In such an example, each identification associating a common substring with a string may be processed to determine which of the associated common substrings is the longest. Additionally or alternatively, an indication associated with a string may be maintained during the processing to track the longest common substring identified thus far for that string. In alternate embodiments, no indications may be saved at block 308, and saving may comprise instead, for one or more strings, only maintenance of such a longest common substring indication for that string.

As another example, one or more processors 12 may, according to string processing software 22, identify, for a term found in a string of the plurality of strings, a longest of the common substrings associated with that string as contains that term. As a specific example, for the two example strings above, a longest common substring of the first string containing term “A” is “A B”.

As yet another example, a weight may be associated with the terms occurring in the strings of the plurality of strings. For example, for some terms—such as, for example, terms as may be identified as “stop words” for the purposes of particular processing such as, for example, “a” or “the”—a weight may be associated with those terms. For example, the weight associated with one or more of such terms could be fractional or even zero. Alternatively, there may be a preprocessing step in which one or more of the strings of the plurality of strings are processed to determine a weight between zero and one associated with any or all of the one or more terms of the strings.

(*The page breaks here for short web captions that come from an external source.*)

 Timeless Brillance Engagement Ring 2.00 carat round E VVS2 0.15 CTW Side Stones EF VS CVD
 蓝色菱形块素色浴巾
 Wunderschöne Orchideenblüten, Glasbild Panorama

Additionally or alternatively, a weight may be associated with each common substring. For example, where there is a weight associated with terms, a weight may be associated with each common substring. For example, that weight may e set equal to the sum of the weights associated with the terms of that substring. One or more processors 12 may perform further processing according to the weight associated with a substring. For example, for one or more strings of the plurality of strings, a highest weighted of the common substrings associated with that string may be identified such as by way of, for example, maintaining of indications of weights associated with one or more substrings during processing. Additionally or alternatively, where a weight is associated with each common substring, one or more processors 12 may identify, for one or more terms as found in a string of the plurality of strings, the highest weighted common substring associated with that string as contains that term.

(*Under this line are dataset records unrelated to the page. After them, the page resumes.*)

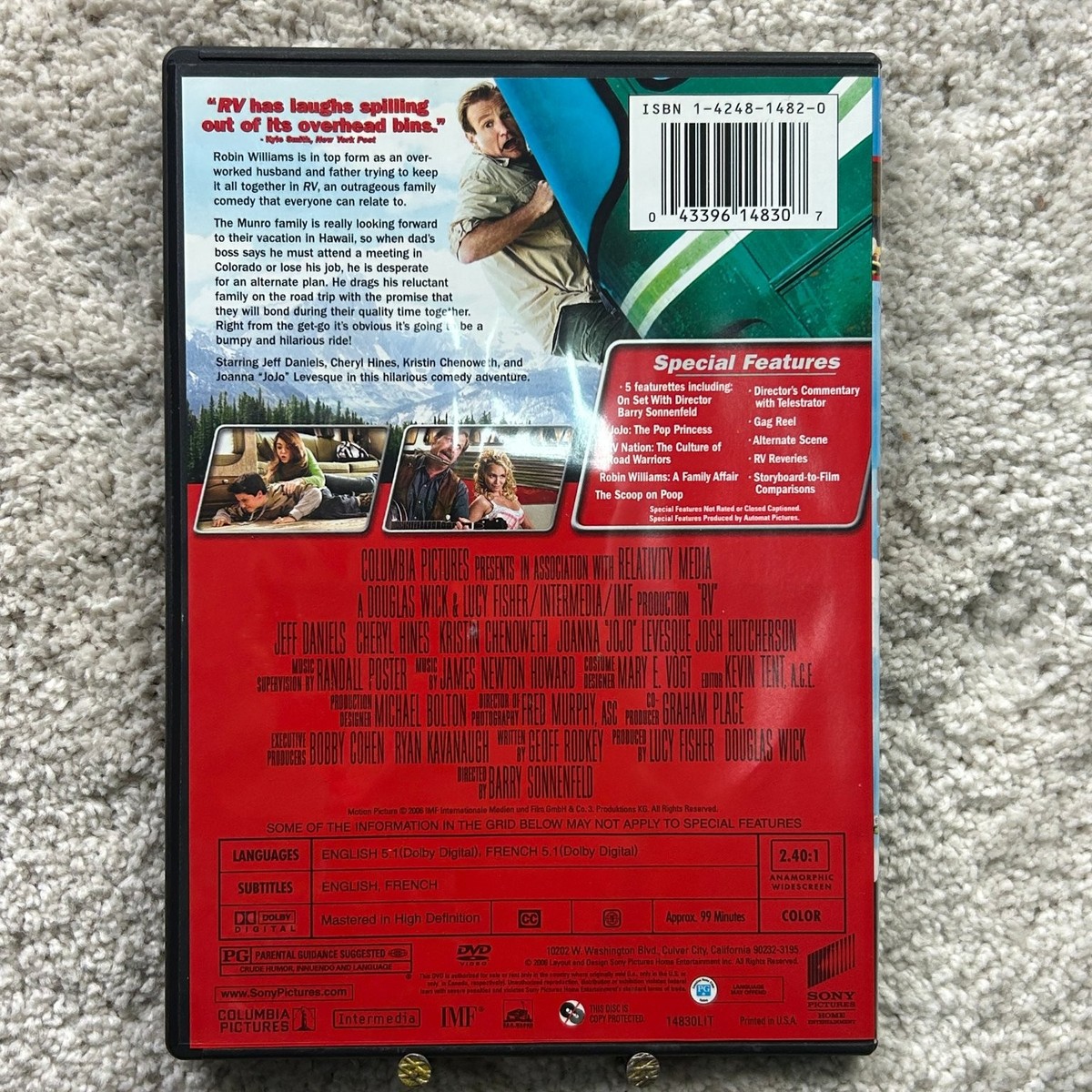 RV DVD 2006 Widescreen Robin Williams Barry Sonnenfeld Special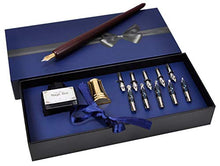 Load image into Gallery viewer, Plotube Wooden Pen Calligraphy Set - Dip Pen Gift Writing Case - Black Ink Bottle &amp; Golden Pen Holder &amp; 11 Nibs and Beginner&#39;s Manual
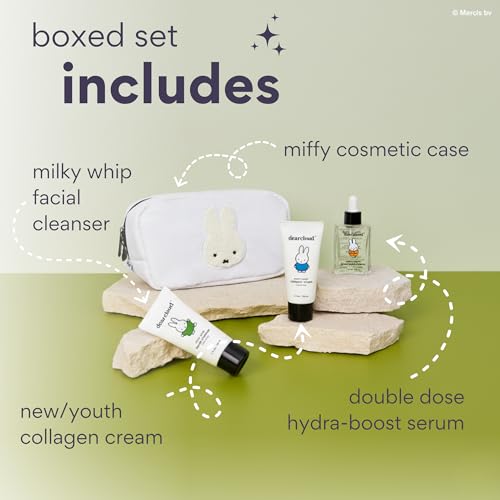 Miffy Skin Purity Essentials Travel Set of 4 ($55 Value) - Korean Skin Care Travel Set ? Hydrating Korean Skin Care Travel Essentials Set with Cosmetic Bag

FIG. 5 is a flowchart depicting example blocks 500 and onward as may be performed by one or more processors 12, such as according to processing software 22, in performing block 308 of FIG. 3.

At block 502, a next string of the strings subsequent to the string identified for processing at block 306 is identified for processing relative to the earlier identified string. For example, subsequent strings may be processed starting with the first string in the order following the string identified at block 306. Alternatively, subsequent strings may be processed in some other order such as, for example, some natural order as may exist according to a data structure storing the strings in memory 14.

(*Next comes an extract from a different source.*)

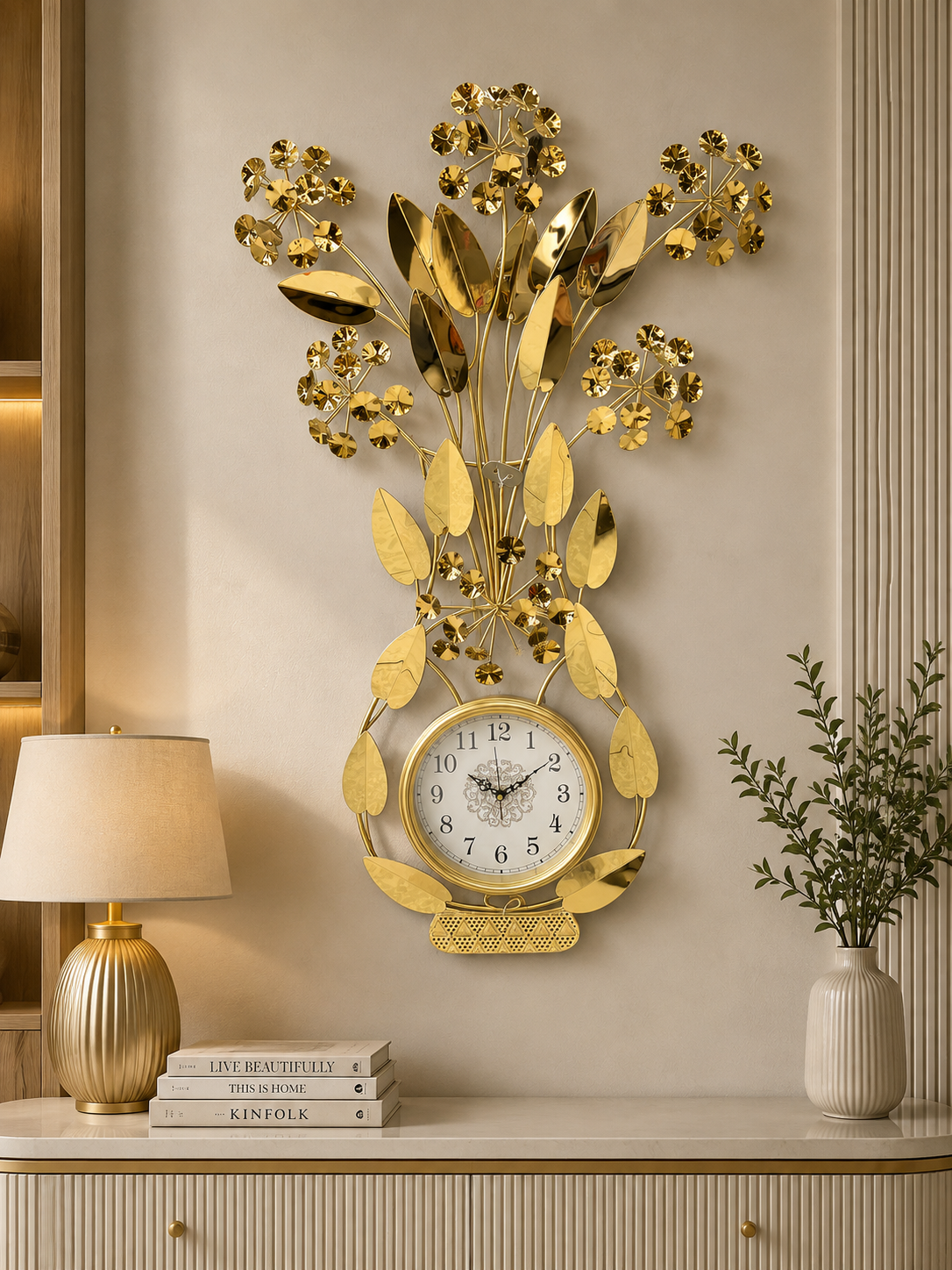 Luxury Golden Floral Wall Clock – Elegant Leaf & Blossom Decorative Clock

A string identified for processing at block 306 is hereinafter, for the purposes of the discussion of FIG. 5, referred to as the first string. A next string identified for processing at block 502 is hereinafter, for the purposes of the discussion of FIG. 5, referred to as the second string.

An in-progress substring is associated with each string of the order. The in-progress substring may be initialized, such as, to the null or empty string.

At block 504, a next term of the terms of the first string is identified for processing. The terms of the first string may be processed starting with a first term in the sequence comprising that string and ending with a last term in the sequence comprising that string. Alternatively, strings may be processed right-to-left, starting with a last term in the sequence comprising that string and ending with a first term in the sequence comprising that string, or alternatively again, in some other order.

At block 506, one or more processors 12 determine whether the next term is proximate to the in-progress substring for the second string in the second string. If so determined, control flow proceeds to block 510 else to block 508.

A term may be considered proximate to an in-progress common substring in the second string, if, for example, the term is adjacent to the in-progress common substring in the second string. In a specific example, if the strings being processed contain terms delimited by spaces and the strings are being processed left-to-right, the term “C” is proximate to an in-progress common substring “A B” for a second string “X A B C D”, whereas terms “X” and “D” is not. In another example, where strings are being processed right-to-left, “X” is proximate to that in-progress common substring in that same second string, whereas “C” and “D” are not. Notably, any term may be considered proximate to a null or empty in-progress substring in a second string provided the term is found in the second string.

As another example, a weight—such as may range, for example, between zero and one substantially as described above—may be associated with each term. Determining whether a term is proximate to an in-progress common substring for the second string in the second string may then comprise determining whether a sum of the weights associated with each of the terms between the in-progress common substring and that term in that subsequent one of the strings is less than a threshold. For example, a term may be considered proximate to an in-progress common substring in a string if a sum of the weights associated with each of the terms between the in-progress common substring and that term in that string is less than one. Such an application of weights may have application, for example, in giving less precedence to, or even ignoring, “stop words” in strings.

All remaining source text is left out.